Israël intensifie ses attaques contre le Sud-Liban

  • Deux combattants du Hezbollah et deux combattants palestiniens sont tués et plusieurs autres sont blessés lors de raids israéliens sur le sud du Liban
  • Saad Hariri rencontrera Najib Mikati à Beyrouth et commémorera le 19e anniversaire de l'assassinat de son père mercredi

BEYROUTH: Israël a intensifié ses attaques sur le sud du Liban lundi. Une maison résidentielle dans la localité frontalière de Maroun el-Ras a été prise pour cible lors d'un raid, causant la mort de quatre personnes.

Une source sécuritaire a déclaré que la cible était le responsable du Hezbollah dans la ville.

Israël a intensifié son ciblage des dirigeants du Hezbollah sur le terrain. Une voiture près de l'hôpital gouvernemental de Bint Jbeil a été touchée par un drone israélien qui visait Mohammed Abd al-Rassoul Alawiya, un responsable du Hezbollah. Bien que M. Alawiya ait survécu, l'attaque a fait des victimes dont l'identité n'a pas été révélée.

Le Hezbollah a déploré la mort de Mohammed Baqir Hassan Bassam de la localité d’Aïnata et Ali Ahmed Muhanna de Maroun el-Ras.

Le Hezbollah divulgue généralement l'identité de ses membres tués, mais jamais celle de ses membres blessés.

Un raid israélien a pris pour cible une maison appartenant à la famille Ataya dans le village de Tair Harfa, tuant deux personnes, qui seraient des Palestiniens.

Des avions de chasse israéliens ont effectué de multiples frappes aériennes sur la localité de Khiam et les zones environnantes de Kfar Kila, d'Al-Adissa et de Taybeh. Des bombardements d'artillerie israéliens occasionnels ont été signalés dans les forêts de Labouneh et à la périphérie du village d’Al-Dhahira.

Le Hezbollah a mené plusieurs attaques dimanche, prenant pour cible du matériel d'espionnage sur le site de Ruwaisat al-Alam dans les collines de Kfar Chouba et dans les fermes libanaises occupées de Chebaa, ainsi qu'un groupe de soldats à Jabal Nadhar. Il a également attaqué un groupe de soldats israéliens dans le triangle de Tahihat et du matériel d'espionnage sur le site d'Al-Abad.

Le nombre total d'opérations menées par le Hezbollah entre le 8 octobre et le 11 février s'élève à 1 013.

Saad Hariri à Beyrouth

Dans la nuit de dimanche à lundi, les villages des secteurs ouest et central ont connu un calme tendu après une série de violents tirs d'artillerie et de raids. L'une de ces attaques a visé une maison à Chihine, causant la mort de deux membres du mouvement Amal: Mohammed Rabie al-Masri, originaire d'Al-Mansouri à Tyr, et Hassan Ali Farroukh, originaire d'Anqoun à Sidon. Plusieurs personnes ont également été blessées au cours de ces incidents.

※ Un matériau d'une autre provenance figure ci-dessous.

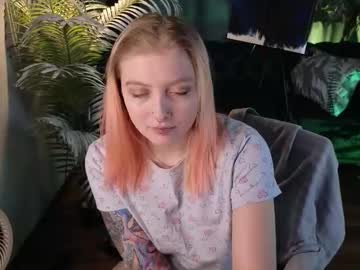Kiki_Shay Chaturbate stream image from December 22, 2025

«Si les États-Unis veulent arrêter la guerre, pourquoi fournissent-ils à Israël toutes les munitions dont il a besoin jusqu'à présent?» s'est demandé le chef du bloc parlementaire du Hezbollah, le député Mohammed Raad, lors d'un événement organisé par le parti.

«La bataille entre l'armée israélienne et le Hamas durera une éternité si l'armée n'est pas dissuadée. Le Premier ministre israélien se dérobe en insistant sur la poursuite de la guerre pour éviter d'aller en prison», a-t-il expliqué.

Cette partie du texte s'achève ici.